Roma, 13 ott. (AdnKronos) – “Stiamo adattando i nostri valori costituzionali fondamentali a condizioni politiche e sociali nuove'”. Nel corso della sua dichiarazione di voto il capogruppo del Pd al Senato Luigi Zanda cita le parole che John Rawls scrisse a proposito degli emendamenti alla Costituzione americana per il New Deal. Parole che, dice, valgono “oggi anche per noi che stiamo vivendo una importante stagione di riforme”.
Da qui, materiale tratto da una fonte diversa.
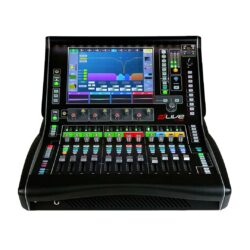 Mixer audio digitale Allen & Heath dLive C1500 a 128 canali - 12 fader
“In un’Italia descritta spesso come un paese immobile, la riforma del bicameralismo è un cambiamento enorme destinato a rafforzare e, insieme, a rendere più semplice, più fluido il procedimento legislativo. In Aula abbiamo avuto contrasti anche duri, ma nessun senatore ha mai sostenuto il bicameralismo paritario”.
Il Senato per Zanda “avrebbe dovuto cambiare natura già 45 anni fa, assieme alla costituzione delle Regioni. Se il nuovo Senato fosse nato allora, nel 1970, avremmo evitato molte degenerazioni istituzionali”. Per il presidente dei senatori del Pd “la mancanza di una Camera di raccordo tra lo Stato e le Regioni ha frenato il processo di coesione nazionale e il superamento dei gravissimi squilibri territoriali in termini di sviluppo e di equità”.